You wrote "I am not sober. I drink occassionally and we even did coke together 2 times in the last 6 months. His issue has always been pills, but since we werent "really" dating and I don't know much about addiction I didn't really push it. He would give me a xanax or another pill when I was super stressed and couldnt sleep."

Many people are in relationships that are unhealthy. It is often difficult to see how detrimental the relationship really is, when a person is in the middle of it. You, my dear, are in an unhealthy relationship for both your BF and yourself. Unfortunately, in the long run the two of you will end up feeding off of each other's addictions.

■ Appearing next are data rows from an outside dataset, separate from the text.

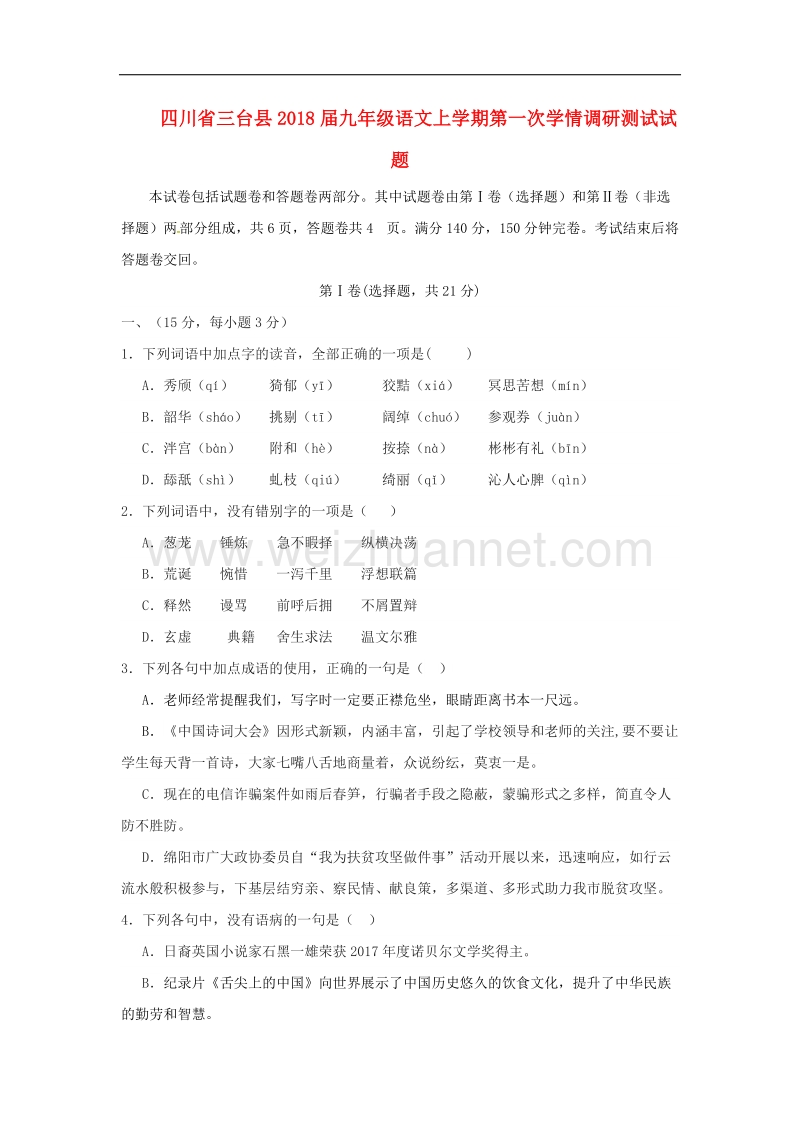 四川省三台县2018年九年级语文上学期第一次学情调研测试试题语文版.doc_第1页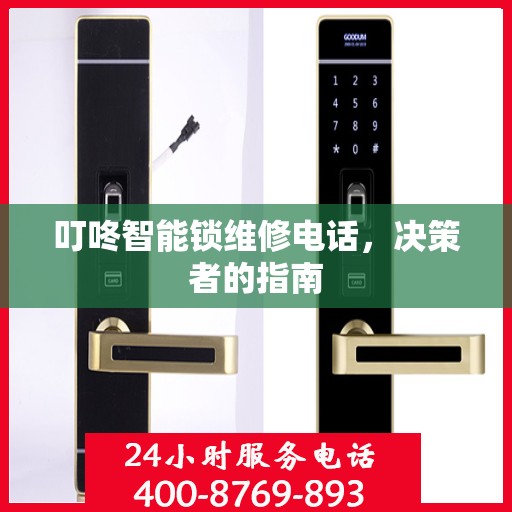 叮咚智能锁维修电话，决策者的指南
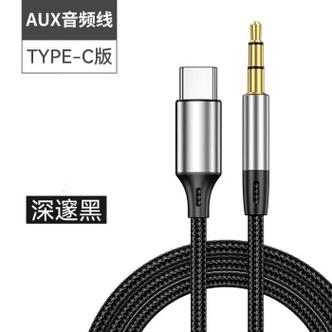 typec转换3.5mm接口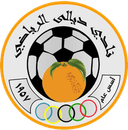 Diyala FC - Sc VS Diyala Fc Live Score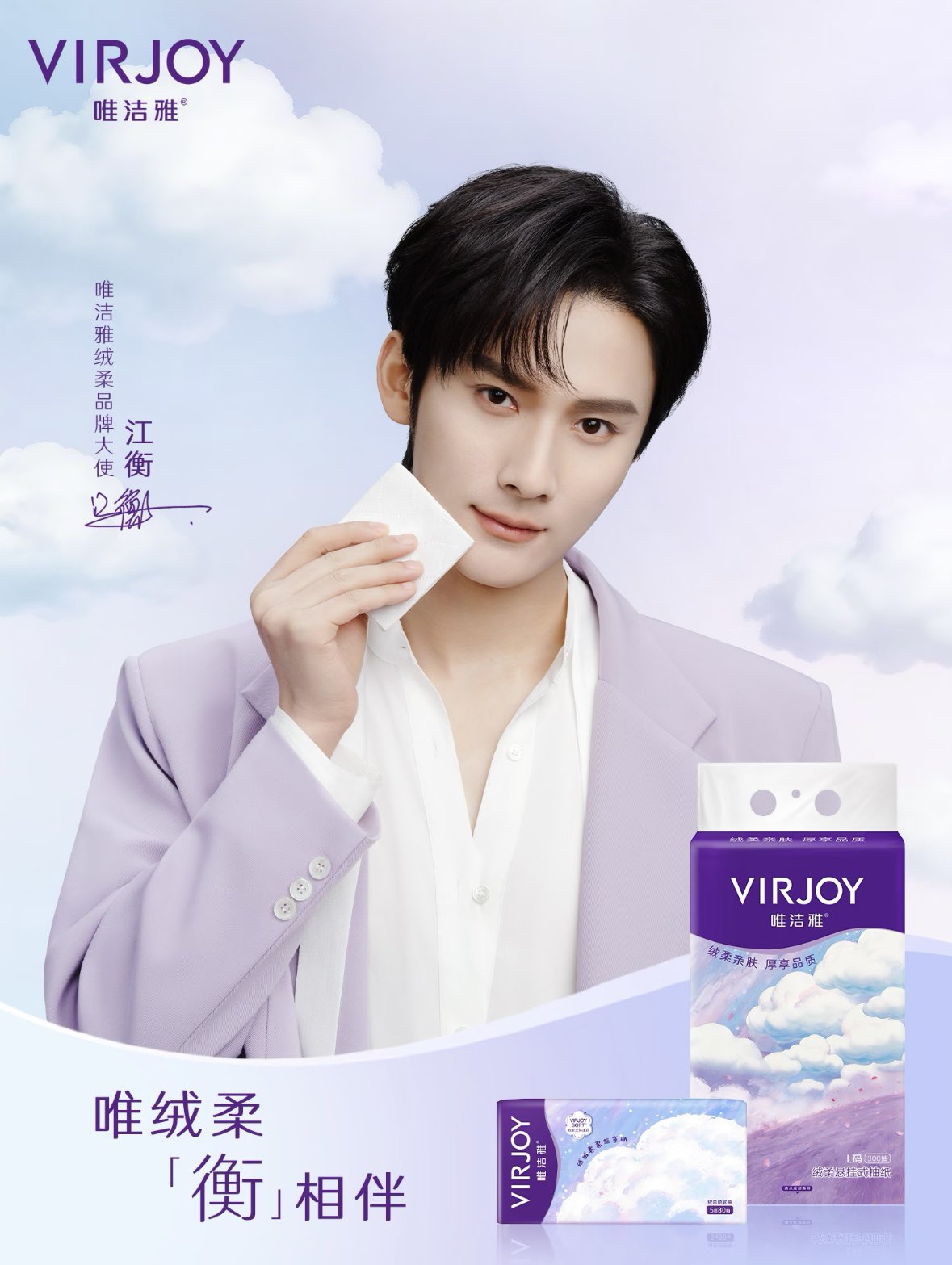 [PRE-ORDER] VIRJOY x Jiang Heng Tissue Gift Set – Limited Edition Fan Collection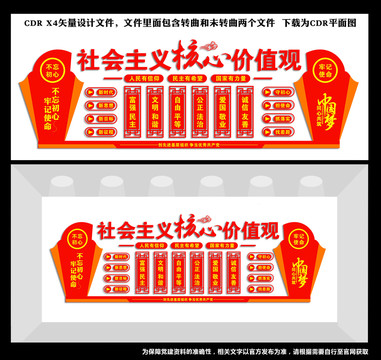 核心價值觀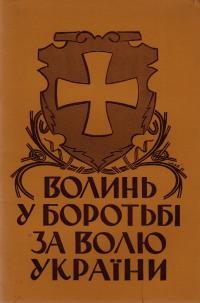 Волинь у боротьбі за волю України ч. 1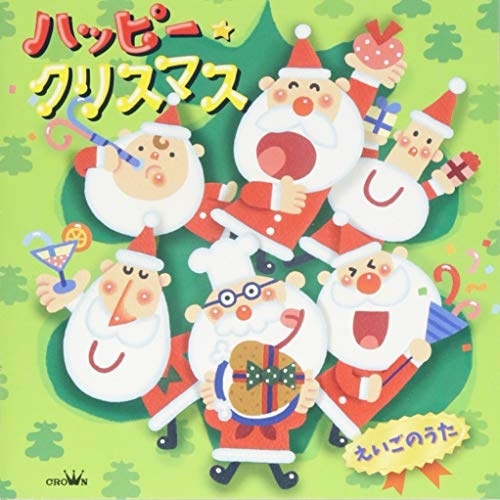 【送料無料】 CD/キッズ/ハッピー★クリスマス えいごのうた/CRCD-2496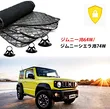 スズキ ジムニー JB64W /JB74W ジムニー シエラ 車用サンシェード 遮光シェード 車窓日よけ ブラックメッシュ 5層構造 車中泊 一台分 盗難防止 吸盤付き 取り付け簡単 6PCS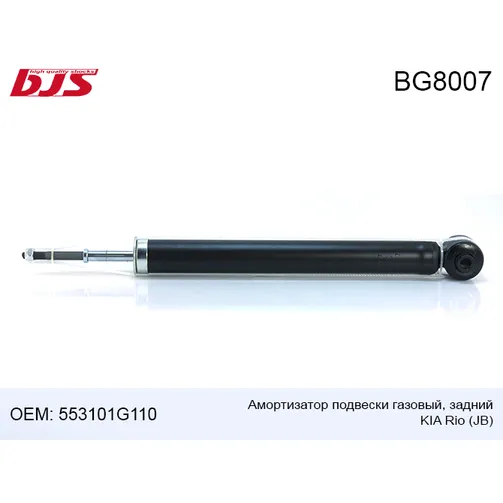 Амортизатор подвески газовый, задний kia rio jb 05- BJS BG8007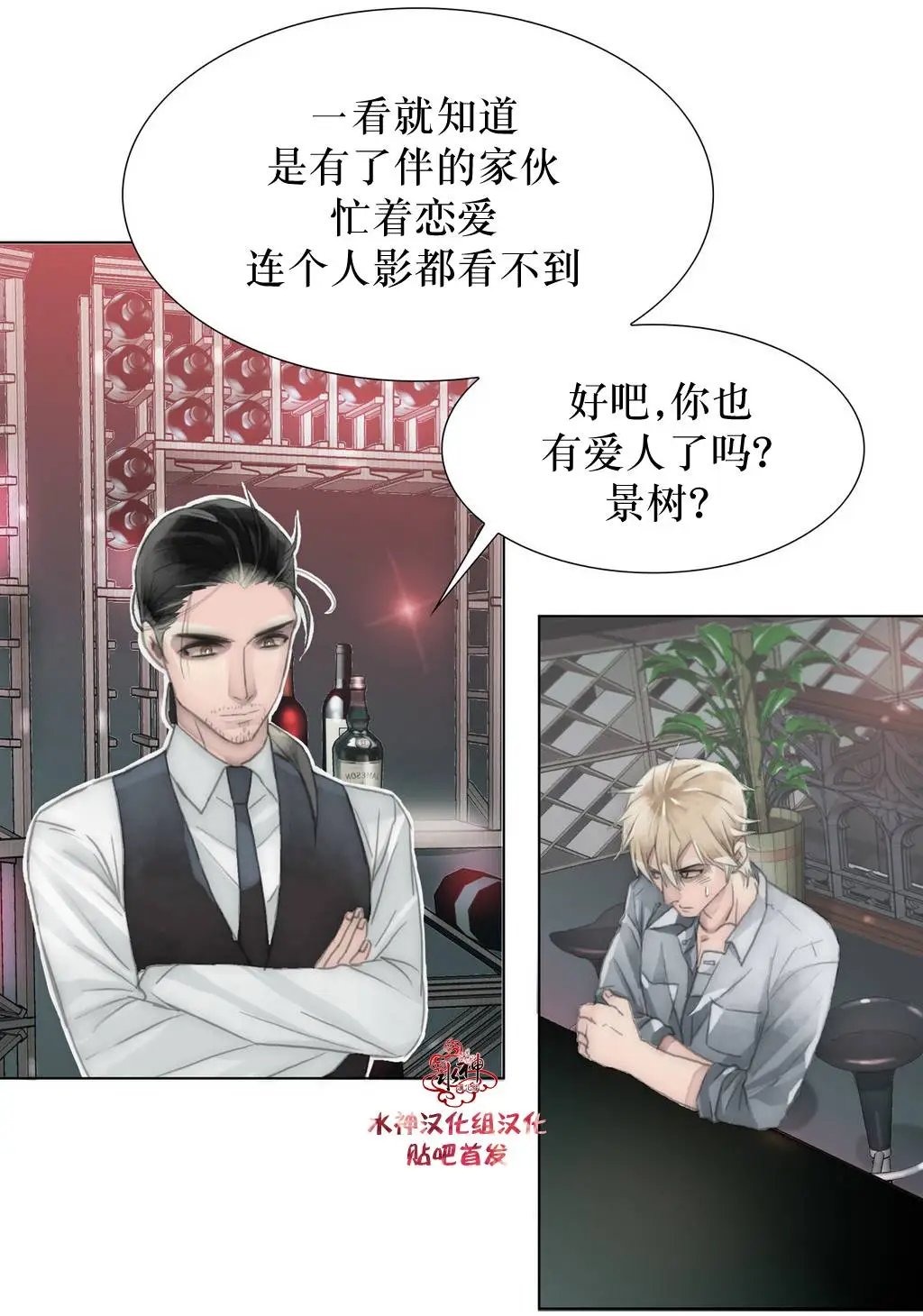 第17回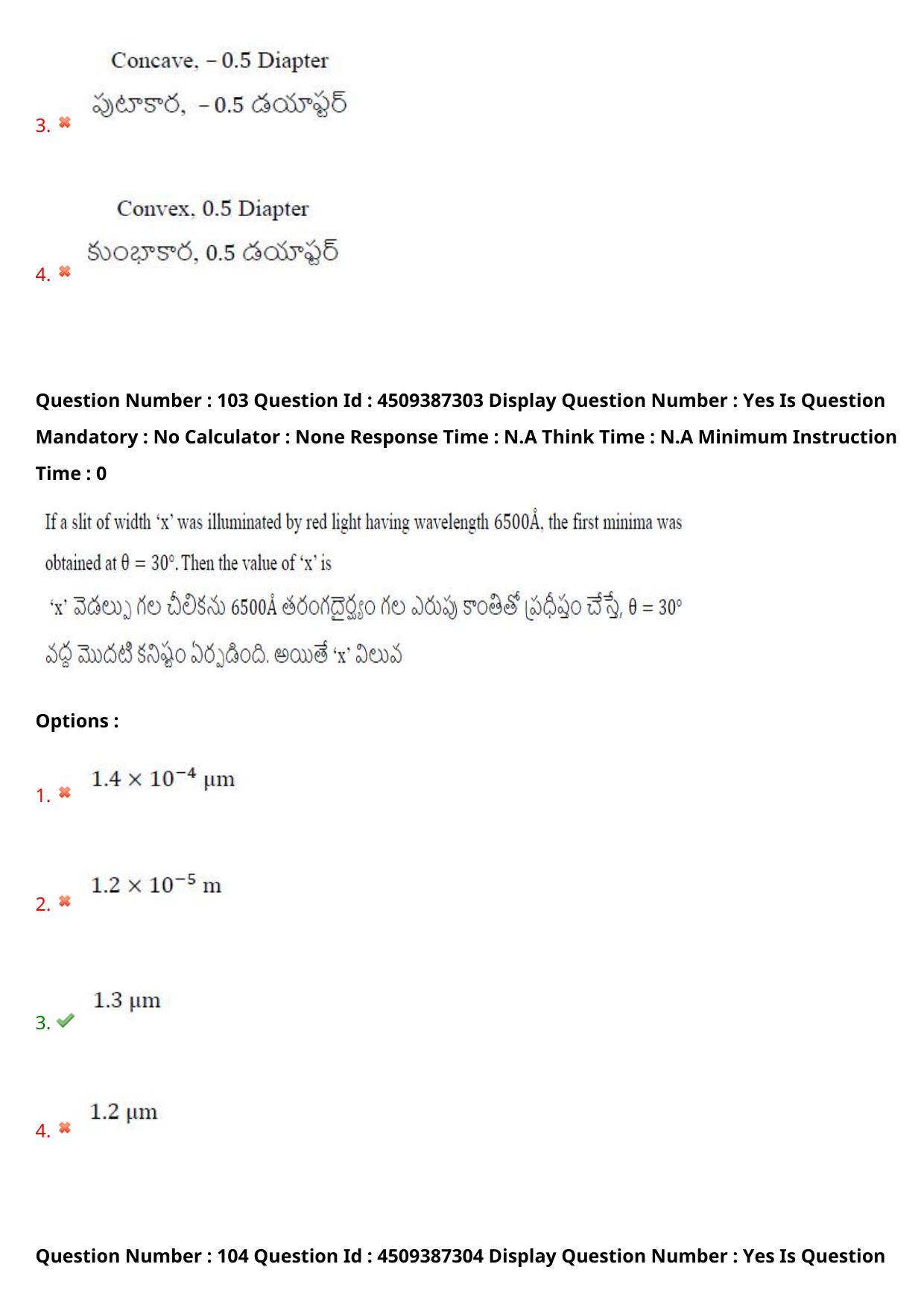 AP EAPCET 2024 - 22 May 2024 Forenoon - Master Engineering Question Paper With Preliminary Keys - Page 80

Addiction means always having to say you are sorry and finally, when being sorry is no longer good enough for others who have been repeatedly hurt by the addiction, addiction often means being sorry all alone. Addiction is often said to be a disease of denial but it is also a disease of regret. When the addictive process has lasted long enough and penetrated deeply enough into the life and mind of the addict, the empty space left by the losses caused by progressive, destructive addiction is filled up with regrets, if-onlys and could-have-beens. In early addiction the addict tends to live in the future; in middle and late addiction he begins to dwell more and more in the past, and it is usually an unhappy, bitterly regretted past.

First the addict lies to himself about his addiction, then he begins to lie to others. Lying, evasion, deception, manipulation, spinning and other techniques for avoiding or distorting the truth are necessary parts of the addictive process. Addiction by definition is an irrational, unbalanced and unhealthy behavior pattern resulting from an abnormal obsession, it simply cannot continue to exist under normal circumstances. The
fundamentally insane and unsupportable thinking and behavior of the addict must be justified and rationalized so that the addiction can continue and progress.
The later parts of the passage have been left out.